MAKASSAR, FAJAR –Pakar Hukum Tata Negara dan Konstitusi Universitas Muslim Indonesia, Dr. Fahri Bachmid,S.H.,M.H. menyampaikan pandangan dan argumentasi konstitusional terkait polemik pengurangan masa jabatan Wali Kota Makassar.
Fahri Bachmid berpendapat bahwa kebijakan memformulasikan penyelenggaraan pemilihan gubernur, bupati, dan wali kota termasuk pemotongan atau pengurangan masa jabatan kepala daerah sebagaimana ditentukan dalam Pasal 201 Undang-Undang Nomor 10 Tahun 2016 tentang Pemilihan Gubernur, Bupati, dan Walikota (UU Pilkada) bersifat transisional atau sementara dan sekali terjadi (einmalig) demi terselenggaranya pemilihan serentak nasional pada 2024.

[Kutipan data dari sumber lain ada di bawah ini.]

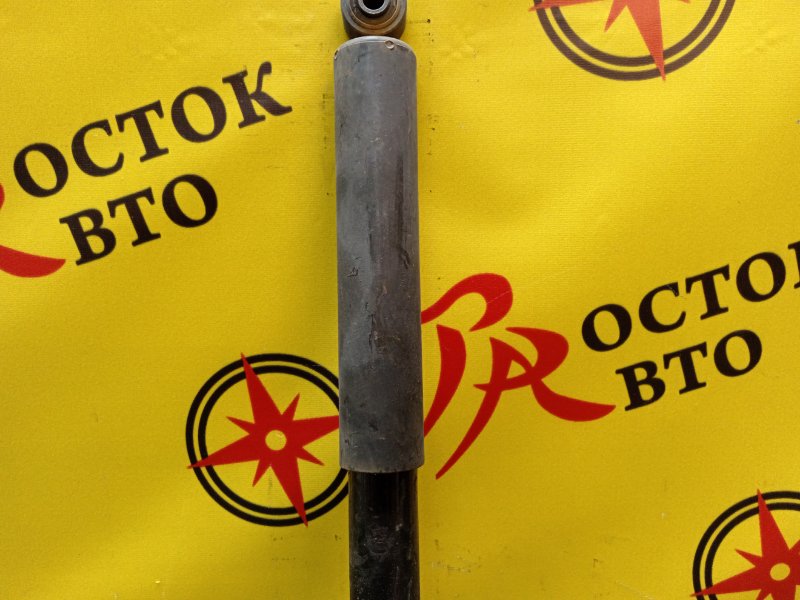 Амортизатор подвески, 400 рублей, Красноярск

Fahri berpendapat agar pemilihan berikutnya berakhirnya masa jabatan gubernur dan wakil gubernur, bupati dan wakil bupati, serta walikota dan wakil walikota bersamaan dengan periodesasi pemilihan gubernur, bupati, dan walikota yakni setiap 5 (lima) tahun sekali secara serentak nasional.
Fahri Bachmid mengatakan bahwa berdasarkan pertimbangan hukum putusan Mahkamah Konstitusi dalam Perkara Nomor 18/PUU-XX/2022, Perkara tersebut diajukan oleh Frans Manery dan Muchlis Tapi Tapi yang merupakan Bupati dan Wakil Bupati Halmahera Utara.

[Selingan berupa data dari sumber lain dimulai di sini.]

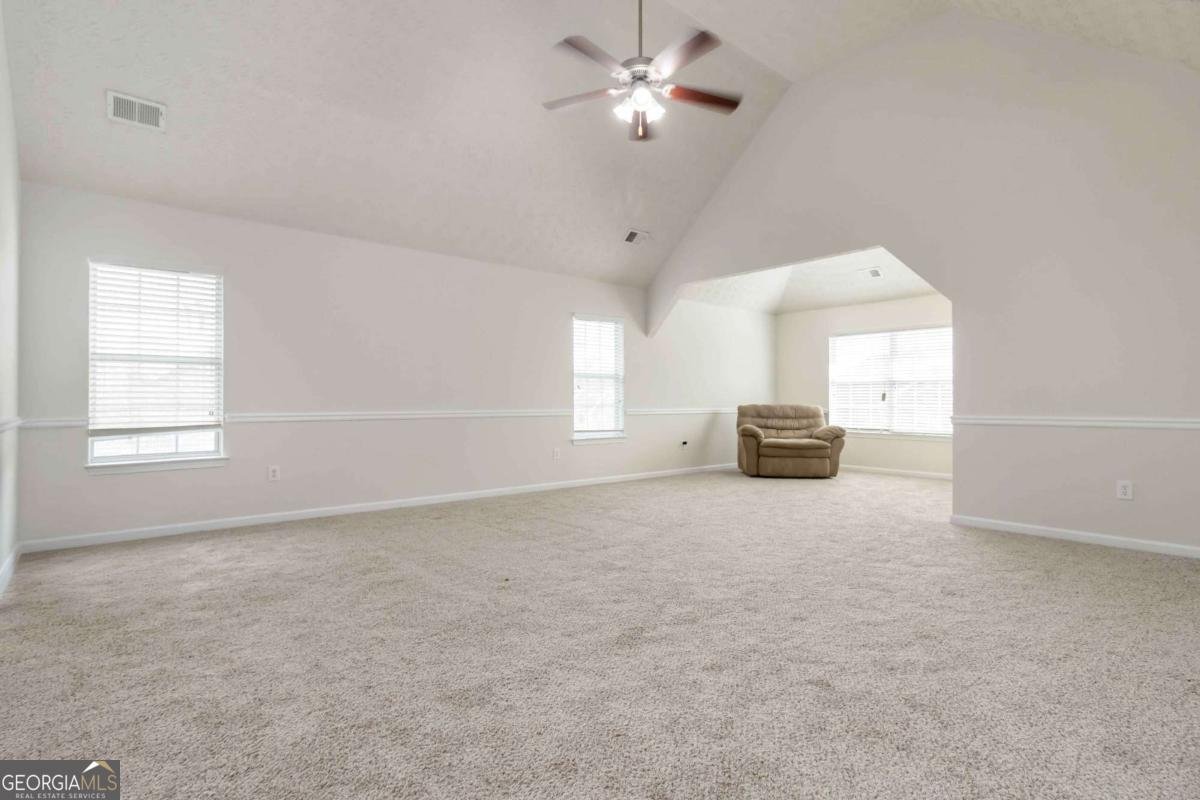 140 Helm Drive Covington - 2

Mahkamah berpendapat bahwa pemotongan masa jabatan gubernur dan wakil gubernur, bupati, dan wakil bupati, serta walikota dan wakil walikota hasil pemilihan gubernur, bupati, dan walikota pada 2020 sebagaimana dimaksud Pasal 201 ayat (7) UU Pilkada, adalah tidak bertentangan dengan konsepsi hak asasi manusia, sebagai hak politik, dengan demikian hak tersebut secara doktriner terkategori sebagai hak yang dapat dikurangi (derogable right) yang artinya hak tersebut boleh dikurangi dan dibatasi pemenuhannya oleh negara berdasarkan alasan-alasan sebagaimana termaktub dalam Pasal 28J ayat (2) UUD 1945.